JAKARTA – Pemerintah sudah menegaskan akan menggenjot ketersediaan pembangkit listrik berbasis Energi Baru Terbarukan (EBT). Salah satu cara untuk mempercepat pembangunan pembangkit listrik EBT adalah dengan menerbitkan Peraturan Presiden (Perpres) tentang tarif pembelian tenaga listrik yang bersumber dari energi terbarukan.

Berdasarkan draf Perpres yang diterima Dunia Energi Perpres anyar tersebut akan mengatur harga jual listrik EBT dengan tiga mekanisme.

Mekanisme pertama adalah dengan Feed In Tariff (FIT), Harga Patokan Tertinggi (HPT), dan harga kesepakatan tenaga listrik dari pembangkit peaker.

Rencananya implementasi dari perpres EBT akan dilakukan secara staging.
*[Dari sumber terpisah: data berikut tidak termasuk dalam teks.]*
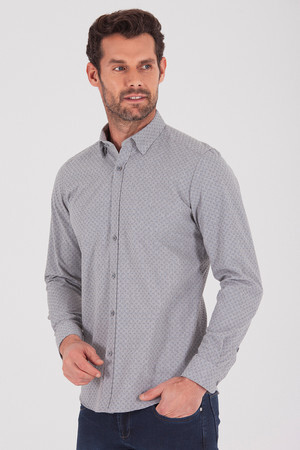 Desenli Slim Fit Bej Gömlek - 6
Dalam 10 tahun pertama harga listrik pembangkit EBT akan tinggi, baru setelah 10 tahun beroperasi tarif listrik akan turun.

Berdasarkan data Kementerian ESDM, gambaran beberapa tarif listrik dalam draft Perpres harga EBT misalnya untuk harga listrik dari Pembangkit Listrik Tenaga Air (PLTA) kapasitas kurang atau sama dengan 10 megawatt (MW) menggunakan skema FIT yakni sebesar US$ 9,90 sen per kWh.

PLTA kapasitas 10-50 MW dengan skema HPT yakni sebesar US$ 8,00 sen per kWh dan kapasitas lebih dari 100 MW dengan skema HPT yakni sebesar US$ 6,80 sen per kWh. Sedangkan, untuk Pembangkit Listrik Tenaga Air (PLTA) dengan menggunakan sistem peaker yakni bersifat negosiasi.

Kemudian, untuk harga listrik dari Pembangkit Listrik Tenaga Surya (PLTS) kapasitas kurang atau sama dengan 10 Mega Watt Peak (MWp) menggunakan skema FIT yakni sebesar US$ 10,15 sen per kWh. Sedangkan untuk PLTS kapasitas lebih atau sama dengan 10 MWp menggunakan skema HPT yakni sebesar US$ 7,5 sen per kWh.

Kemudian Pembangkit Listrik Tenaga Panas Bumi (PLTP) 10-50 MW dengan menggunakan HPT yakni sebesar US$ 8,92 sen per kWh. PLTP dengan kapasitas 50-100 MW dengan menggunakan skema HPT yakni sebesar US$ 8,19 sen per kWh dan untuk PLTP berkapasitas lebih dari 100 MW menggunakan skema HPT yakni sebesar US$ 7,25 sen per kWh.